True. We did a fair bit of experimenting with this (for both load balancing and failover) a few years back, and so long as you stay at 300sec or greater it works fine for well over 99% of all the traffic we tested with. Once you dropped below 300 seconds problems started appearing - from memory some older versions of Windows would default to 900secs, 3600secs, or 86400secs.
I haven't revisited that research for 3 or 4 years, but our findings then led to a policy of "if you're prepared to accept ~15mins of mixed availability (after you've identified a problem and hit the panic button) then DNS based failover works well enough. If you need significantly better response times than that, you need proper hardware/network based failover"
Do you have much Windows XP traffic? From memory, we saw evidence of XP using 86400sec (1 day) TTLs if you tried publishing TTLs lower than 300. (This was back in '08, so perhaps things have changed since. I'm still seeing ~30% WinXP in some of my Google Analytics accounts...)
Exactly - my biggest complaint about ELB on AWS is that they relied on people honouring a TTL that was ridiculously low, and as such now honoured by many clients.
Given that they've been having can't-see-blogs-at-all scale problems for something like 24 hours already (I was looking for one last night, and it's currently nearly midnight UK time) I suspect a few more hours to clear up whatever fundamental screw-up is behind this could be a good investment.

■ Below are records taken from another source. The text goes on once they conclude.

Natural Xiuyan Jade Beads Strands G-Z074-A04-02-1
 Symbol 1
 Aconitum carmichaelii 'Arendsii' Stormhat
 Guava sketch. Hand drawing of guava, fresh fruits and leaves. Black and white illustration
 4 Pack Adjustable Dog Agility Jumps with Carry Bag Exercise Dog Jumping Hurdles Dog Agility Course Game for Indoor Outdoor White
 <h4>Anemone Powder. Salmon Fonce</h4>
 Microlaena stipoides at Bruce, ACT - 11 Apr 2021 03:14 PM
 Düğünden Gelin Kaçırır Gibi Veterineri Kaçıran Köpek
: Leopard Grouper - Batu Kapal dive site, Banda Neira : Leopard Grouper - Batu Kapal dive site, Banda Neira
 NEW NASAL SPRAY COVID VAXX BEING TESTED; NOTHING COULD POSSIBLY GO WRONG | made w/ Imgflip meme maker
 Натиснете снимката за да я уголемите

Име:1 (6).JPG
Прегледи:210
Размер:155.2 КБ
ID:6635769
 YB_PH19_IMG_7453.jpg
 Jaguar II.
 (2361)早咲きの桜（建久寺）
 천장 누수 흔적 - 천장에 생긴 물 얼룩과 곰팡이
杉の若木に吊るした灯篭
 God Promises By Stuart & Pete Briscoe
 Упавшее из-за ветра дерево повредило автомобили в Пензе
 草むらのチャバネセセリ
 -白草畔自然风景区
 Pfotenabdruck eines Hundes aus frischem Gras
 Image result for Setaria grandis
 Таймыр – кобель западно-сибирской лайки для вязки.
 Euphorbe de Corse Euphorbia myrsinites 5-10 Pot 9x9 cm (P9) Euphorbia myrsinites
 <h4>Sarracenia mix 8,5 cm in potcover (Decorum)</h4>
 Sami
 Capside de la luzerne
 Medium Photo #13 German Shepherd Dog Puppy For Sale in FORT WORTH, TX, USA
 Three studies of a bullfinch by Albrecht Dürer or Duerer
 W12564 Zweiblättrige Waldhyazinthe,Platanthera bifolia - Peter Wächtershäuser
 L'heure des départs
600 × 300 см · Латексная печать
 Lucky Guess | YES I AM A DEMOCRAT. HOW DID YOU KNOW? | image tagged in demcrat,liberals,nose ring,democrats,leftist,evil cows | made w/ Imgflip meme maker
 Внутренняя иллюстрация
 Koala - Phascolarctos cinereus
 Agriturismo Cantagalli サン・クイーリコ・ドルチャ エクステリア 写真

The source of their index.php, and the subsequent discussion on HN. Just imagine someone franticly trying to get into insert mode, and saving on a production server. It stayed like that for a reasonable period before someone noticed.
That doesn't necessarily mean that they don't use source control or build control. The index file linked has tons of production-specific configuration information (database ip/keys), which wouldn't be checked into source control under best practices. That would require manual editing on the server to set up correctly.
Incidentally, this means every startup (and some of the bigger kids) that hosts its status page on Tumblr is missing a status page at the moment... eg:
http://status.twitter.com
dig +trace www.tumblr.com
*snip*
tumblr.com. 300 IN SOA pdns1.ultradns.net. hostmaster.tumblr.com. 2012121602 86400 7200 604800 300
;; Received 108 bytes from 204.74.108.1#53(204.74.108.1) in 21 ms
Looks like their dns is down alright. You could try in your hosts file:
72.32.231.8 www.tumblr.com tumblr.com
The ip is from their whois info and appears to be giving the We're sorry error message.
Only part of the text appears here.